## What needs to be done
Copy the listing below in full and skip every picture.

[[ Data block, beginning ]]

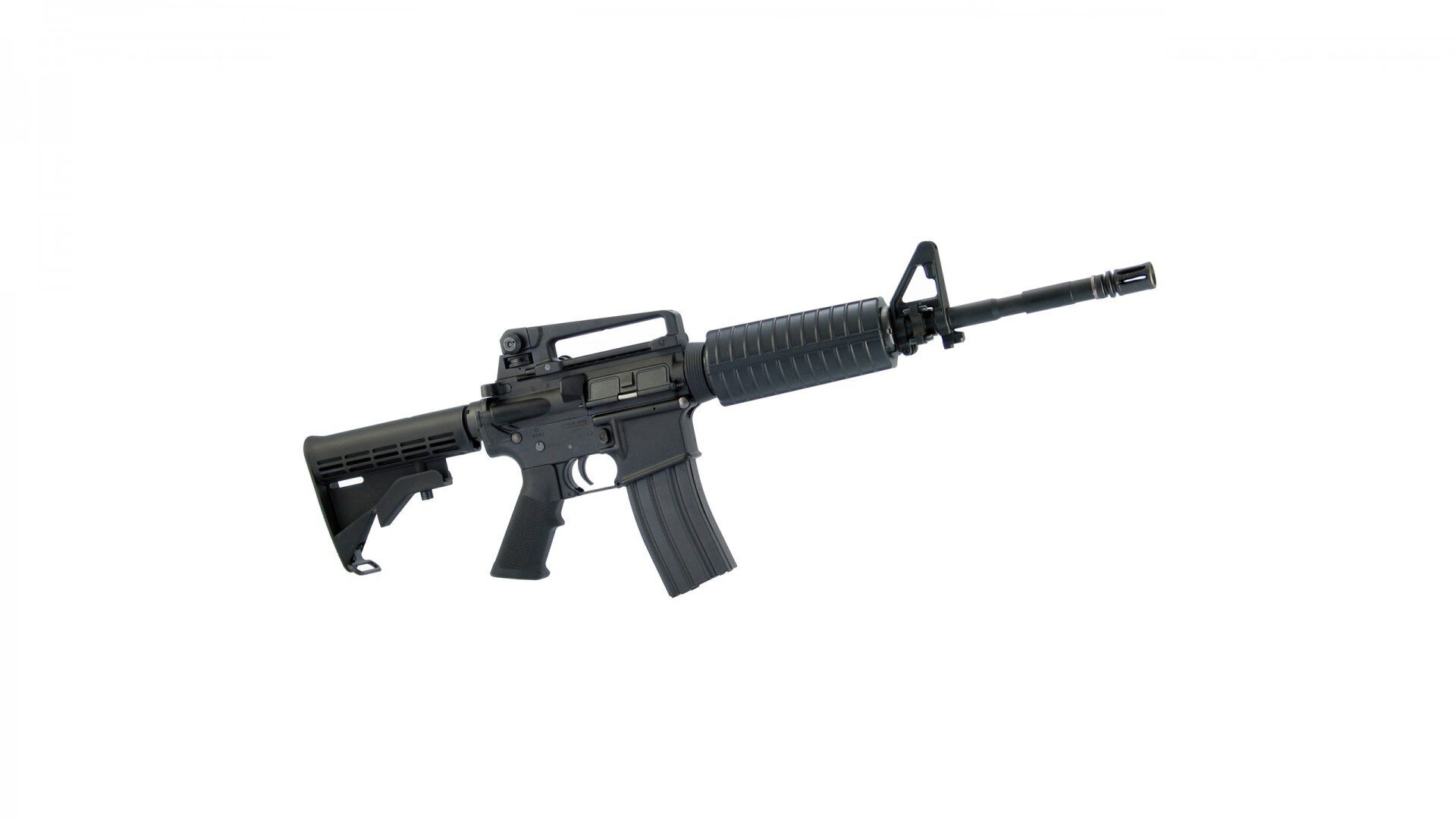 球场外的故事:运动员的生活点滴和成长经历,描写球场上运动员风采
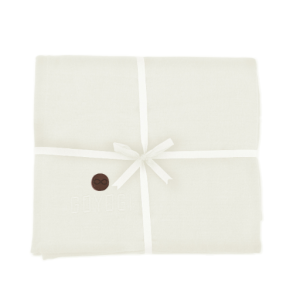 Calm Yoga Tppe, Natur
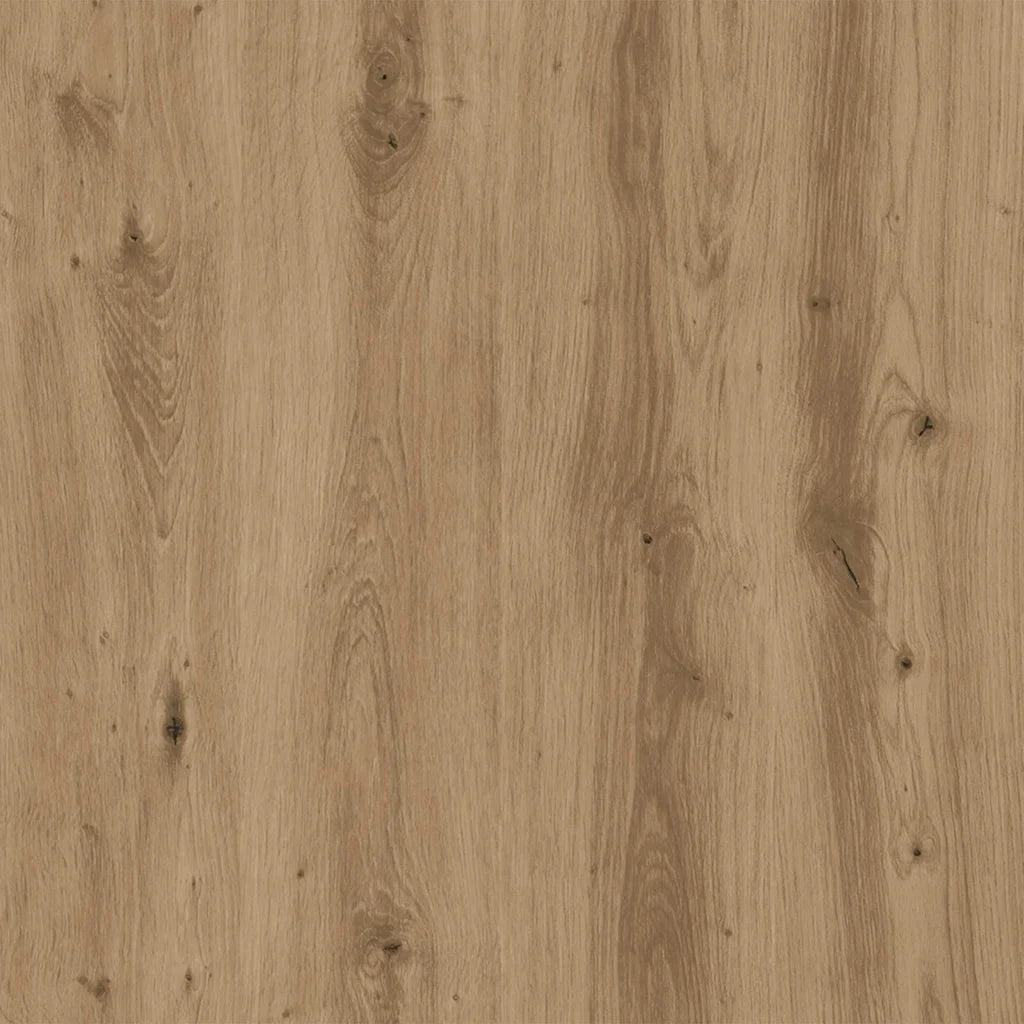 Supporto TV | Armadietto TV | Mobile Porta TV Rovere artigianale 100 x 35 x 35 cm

[[ Data block, end ]]

## Answer
 球场外的故事:运动员的生活点滴和成长经历,描写球场上运动员风采
 Calm Yoga Tppe, Natur
 Supporto TV | Armadietto TV | Mobile Porta TV Rovere artigianale 100 x 35 x 35 cm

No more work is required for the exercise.